In vitro drug release profiles of fibrous mats: (a) PHR calibration curve, (b) encapsulation efficiencies of PHR-loaded fibres, (c) PHR release profiles at three different PVP ratios (12%, 15% and 18%, w/v) and (d) PHR release profile of PHR-loaded PVP/PCL (12%, w/v) fibres according to first-order model. All the values were obtained from the averages of three experiments, and the errors were less than 5%. (Online version in colour.)
As shown in figure 6c, all of the PHR-loaded PVP fibres showed a burst drug release in approximately 60 min, which is attributed to the highly water soluble nature of PVP. However, PHR release rates were different for various polymer ratios. PHR release rate reached 69.1% in PVP (12%) fibres, while drug release from the two other fibres reached 67.8% and 65.3% for PVP (15%) and PVP (18%) ratios, respectively. When the polymer ratio increased in PHR-loaded PVP fibres from 12% to 18%, the released PHR ratio in the first 5 min decreased from 69.1% to 65.3%.
On the contrary, PHR-loaded PVP/PCL fibres showed a sustained drug release over 14 days, which is attributed to the hydrophobic character of PCL (figure 6d). PHR was released in a controlled manner until the last day of the test and peaked on 14th day. In total, 93% of encapsulated PHR was released within 14 days for PVP/PCL fibre. As a result, PHR was released from PVP and PVP/PCL fibres successfully but PVP/PCL fibres demonstrated a much slower rate compared to PVP fibres. Besides, the biological effects of different drug release kinetics for PHR were observed in diabetic wound healing in rats.

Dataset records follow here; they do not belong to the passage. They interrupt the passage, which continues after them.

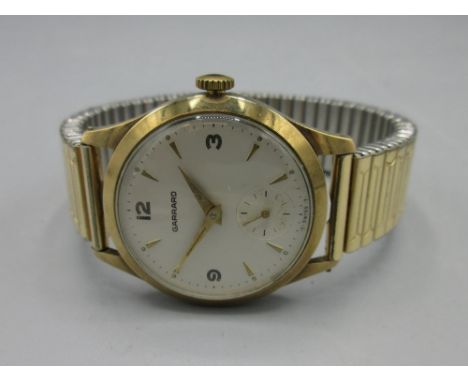 1960's Garrard presentation 9ct gold wristwatch, signed silvered dial, Arabic and baton hours, subsidiary seconds, case no. 3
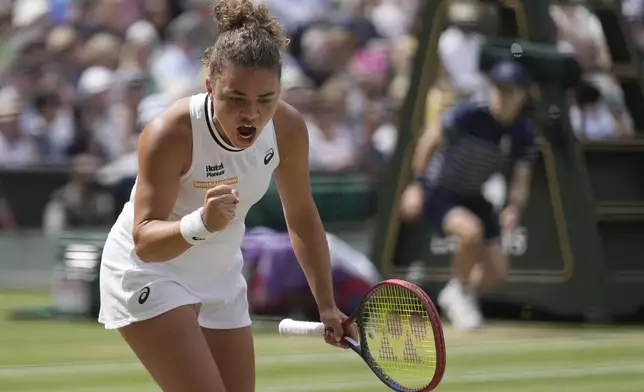 Jasmine Paolini of Italy celebrates winning a point against Donna Vekic of Croatia during their semifinal match at the Wimbledon tennis championships in London, Thursday, July 11, 2024. (AP Photo/Mosa'ab Elshamy)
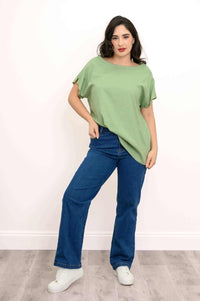 Woman posing in a light green rounded boatneck tee with casual blue jeans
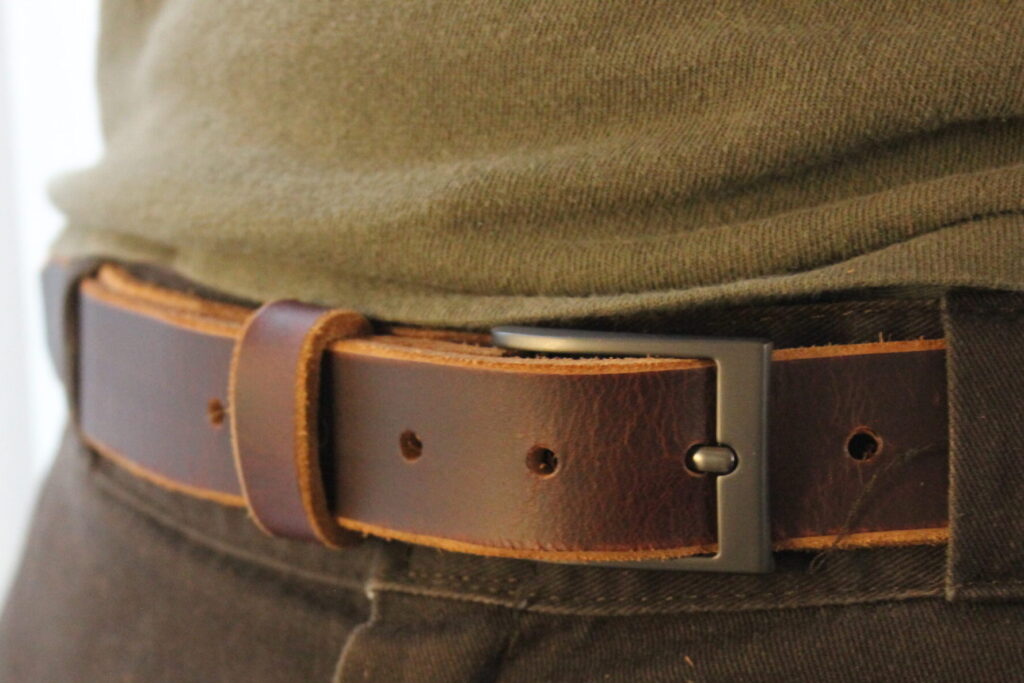 Dark brown full-grain leather dress belt worn with olive trousers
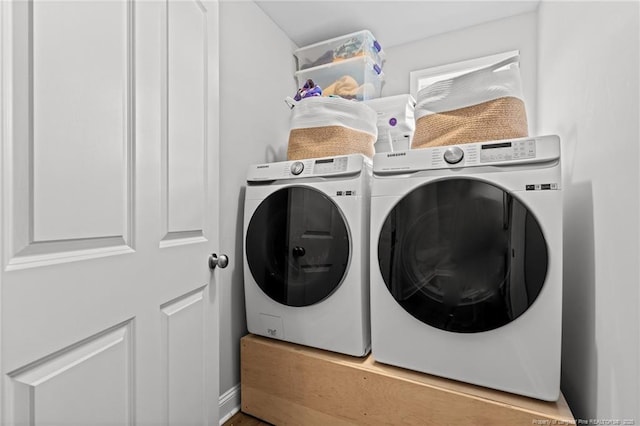 clothes washing area featuring separate washer and dryer
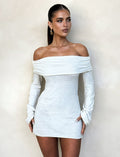 A woman with long, dark hair stands against a plain, light-colored background. She is wearing the off-the-shoulder, long-sleeved DIEDRE Jumper Dress in White : Cream from TIGERMIST. Her hair is pulled back as she looks slightly to the side with a neutral expression.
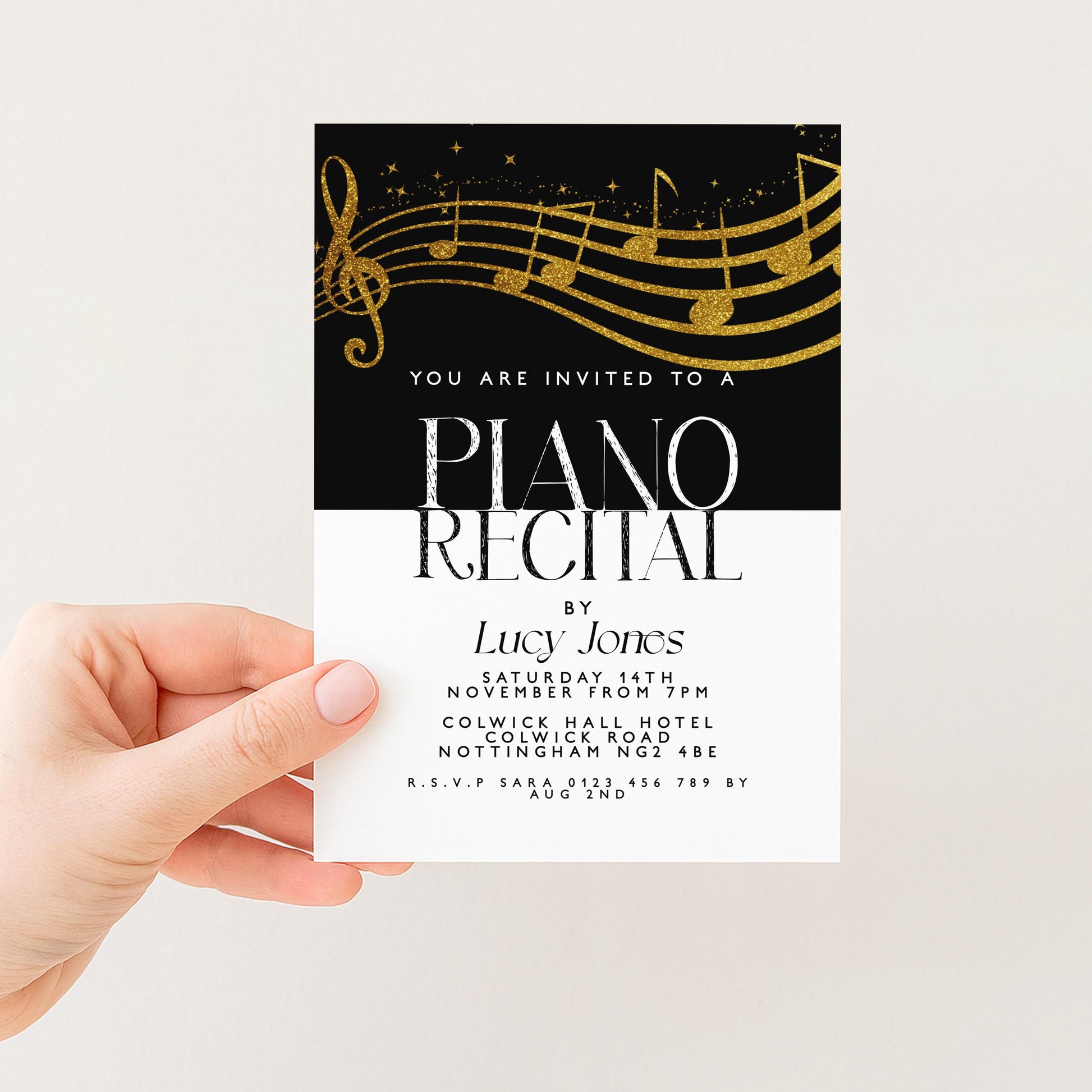 The image is a hand holding a printed invitation card for a piano recital.
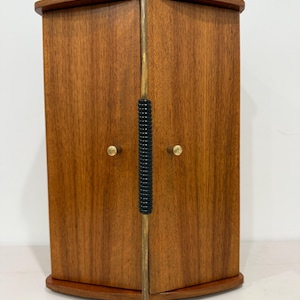 May include: A wooden cabinet with two doors featuring a vertical brass handle with a black ribbed grip. The cabinet has a curved top and base, with two small brass knobs on the doors. The wood grain is visible across the front panels.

3.8. Evaluation of cell viability
The cytotoxicity of the fibrous mats was evaluated by the MTT assay. The cytotoxicity test indicated that PHR-loaded fibrous mats had no cytotoxic effect compared to control at 72 h (figure 7). In pure fibrous mats, only two different concentrations (12% and 18%, w/v) of PVP fibres showed cytotoxic effects (p < 0.05) compared to control group (3T3). Therefore, these PVP fibres were not applied as a control group in animal trials. As a result, the biocompatibility test demonstrated that PHR-loaded fibrous mats have suitable cytocompatibility, and can be recommended for the further development of biomedical applications.
Figure 7.
NIH/3T3 (mouse embryo fibroblast) cell viability of pure and PHR-loaded fibrous mats at the end of 72 h. The data are presented as mean ± s.e.m. *p < 0.05 versus control group (3T3). (Online version in colour.)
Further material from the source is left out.